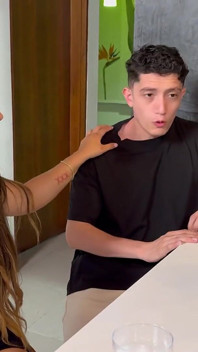 Heißer mexikanischer dreier mit einem betrügenden freund und seiner MILF-Freundin Verito Aguas, Pipeboy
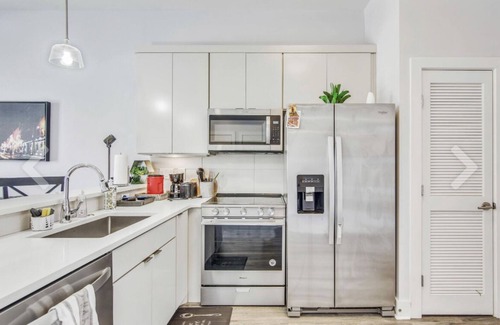 Hadley - Washington Condominio | 7 minutes to Broadway! Free Parking! Sleeps 6!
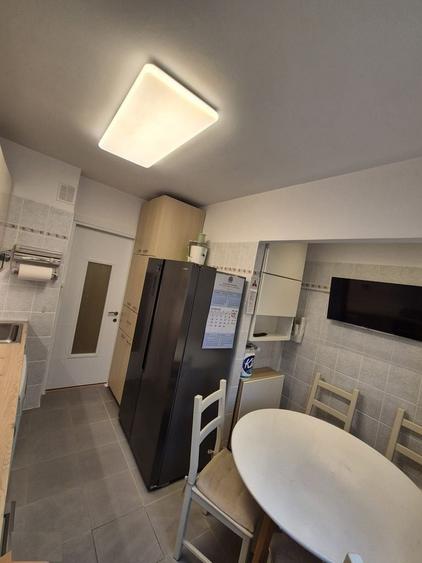 Apartament cu 4 camere în Brâncoveanu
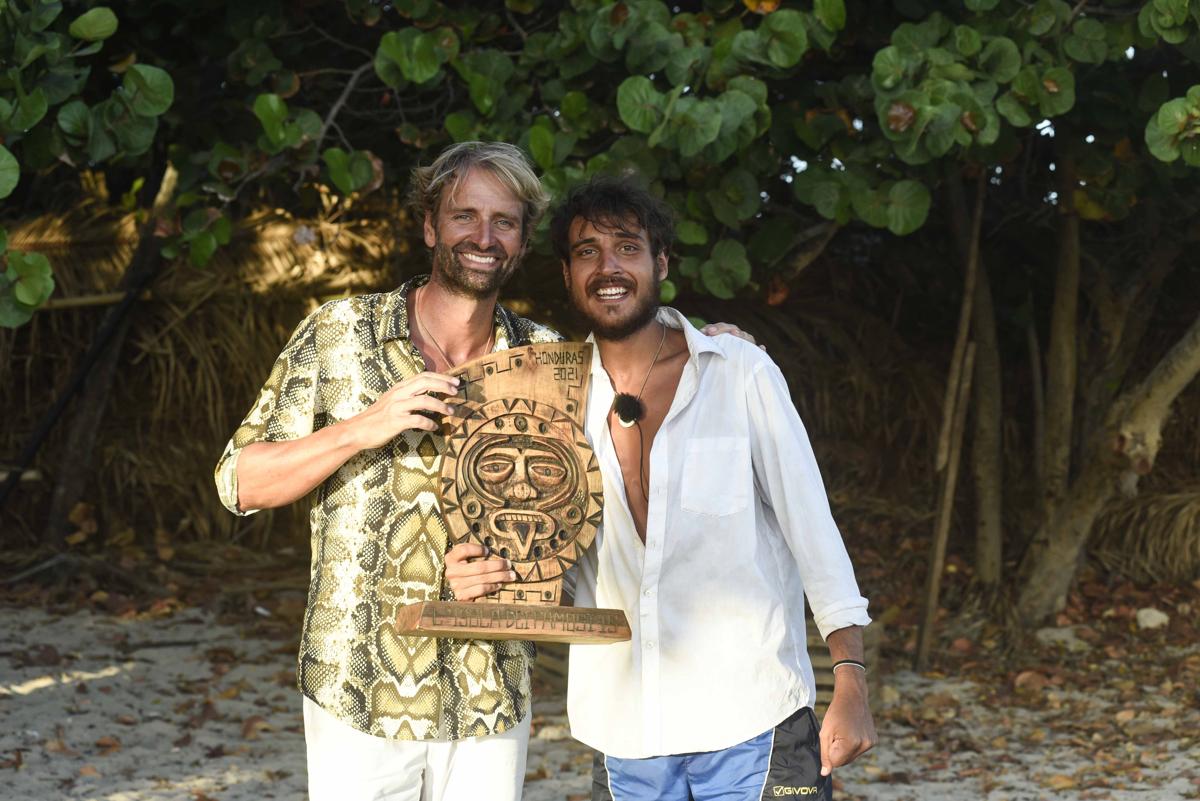 Isola dei Famosi 2021 - Awed e Massimiliano Rosolino Isola dei Famosi 2021 - Awed e Massimiliano Rosolino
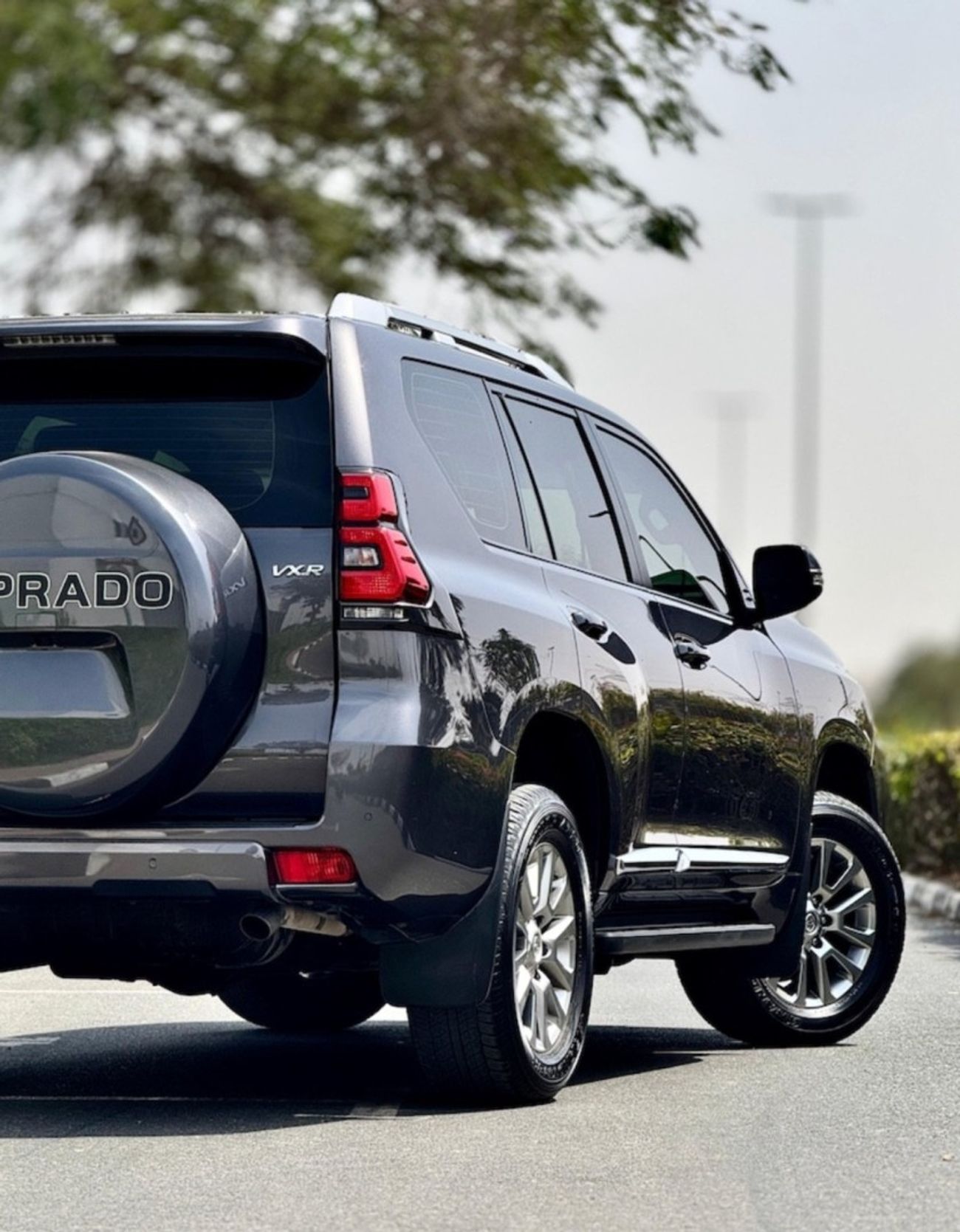 Toyota Prado 2018 VXR V6 Full Option Top Of The Range Very Clean Title Free Accident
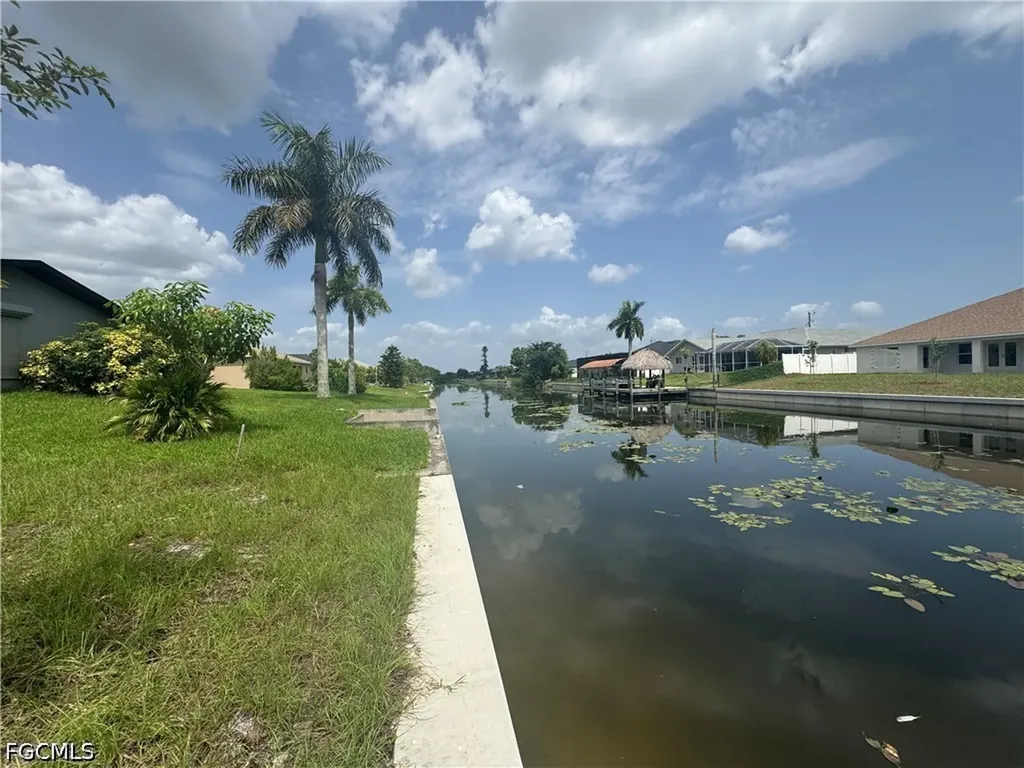 302 SE 1st Terrace Cape Coral FL 33990
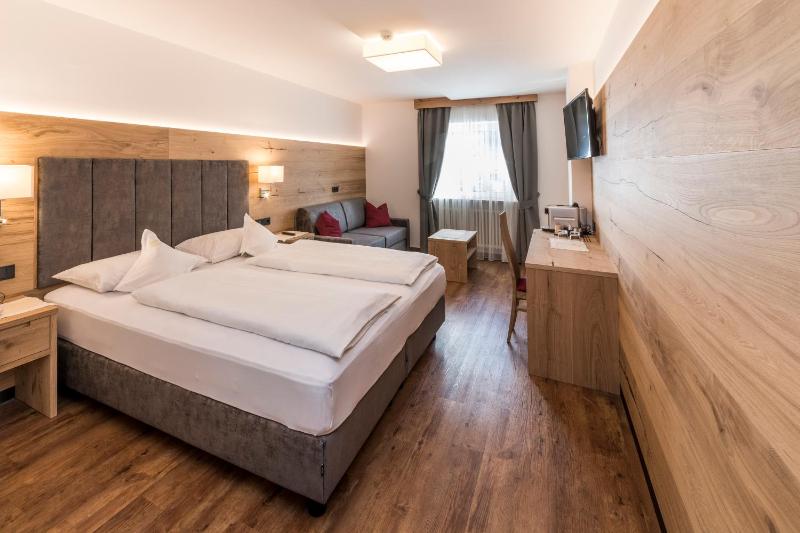 Standard Double or Twin Room image 4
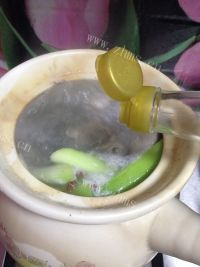 美味的羊排萝卜汤做法图解9)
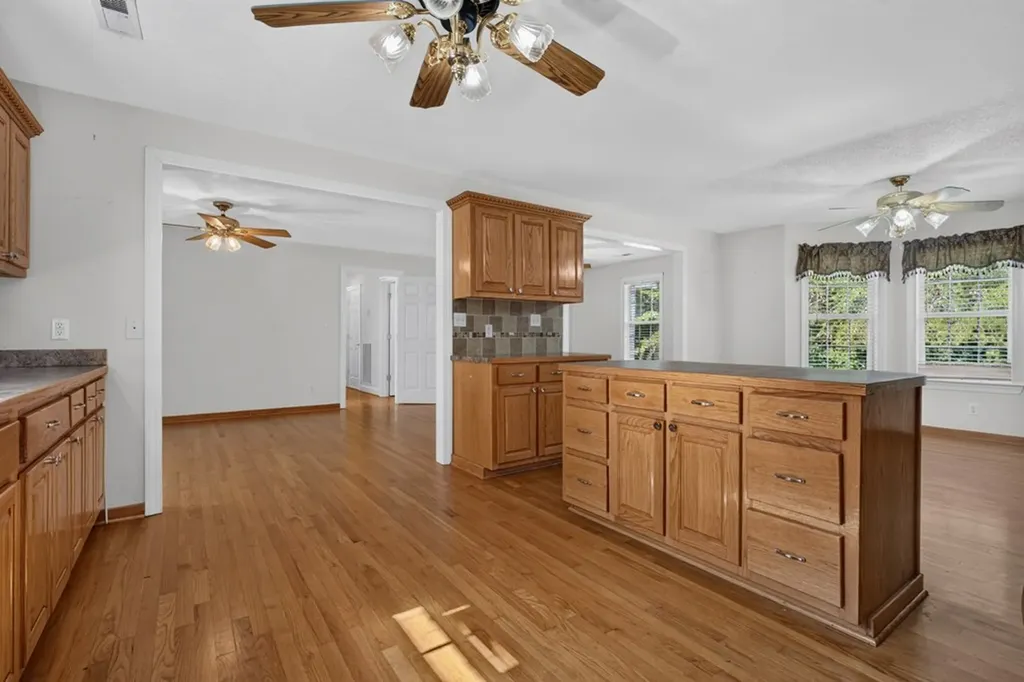 240 Hash Lane Rock Island TN 38581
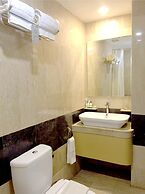 Travellers Hotel Phinisi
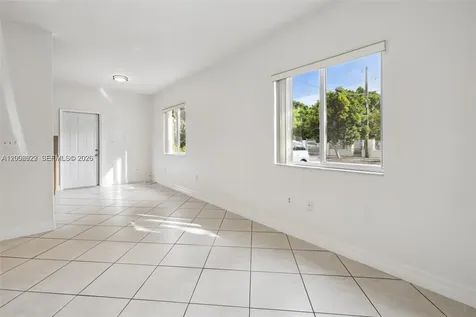 3134 Hibiscus Street Miami FL 33133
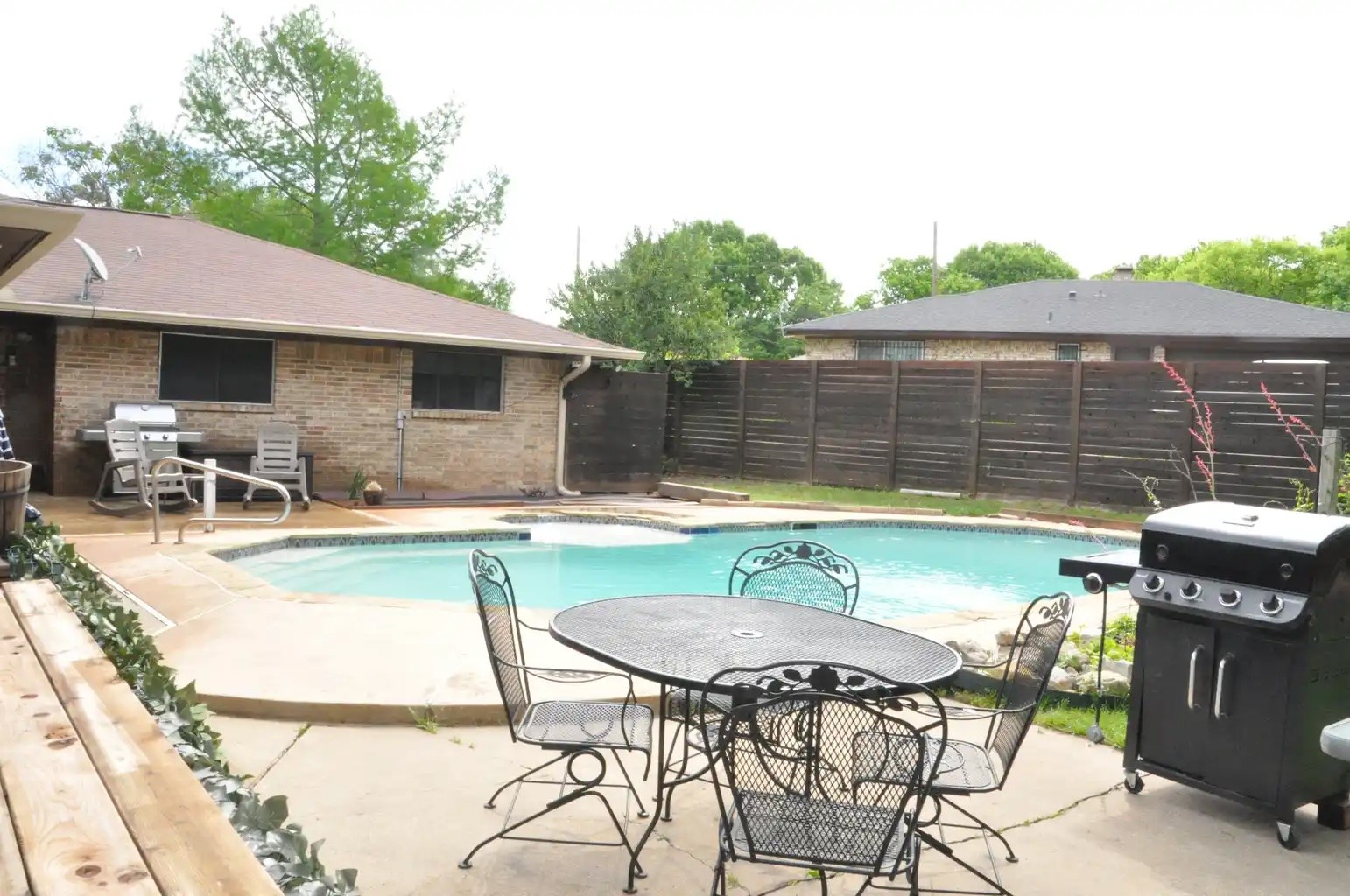 304 Bennett Circle Desoto TX 75115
•••
● ASSIGNMENT: Here the job is to print all the entries above exactly, minus the images.

● RESPONSE BELOW:
 Heißer mexikanischer dreier mit einem betrügenden freund und seiner MILF-Freundin Verito Aguas, Pipeboy
 Hadley - Washington Condominio | 7 minutes to Broadway! Free Parking! Sleeps 6!
 Apartament cu 4 camere în Brâncoveanu
 Isola dei Famosi 2021 - Awed e Massimiliano Rosolino Isola dei Famosi 2021 - Awed e Massimiliano Rosolino
 Toyota Prado 2018 VXR V6 Full Option Top Of The Range Very Clean Title Free Accident
 302 SE 1st Terrace Cape Coral FL 33990
 Standard Double or Twin Room image 4
 美味的羊排萝卜汤做法图解9)
 240 Hash Lane Rock Island TN 38581
 Travellers Hotel Phinisi
 3134 Hibiscus Street Miami FL 33133
 304 Bennett Circle Desoto TX 75115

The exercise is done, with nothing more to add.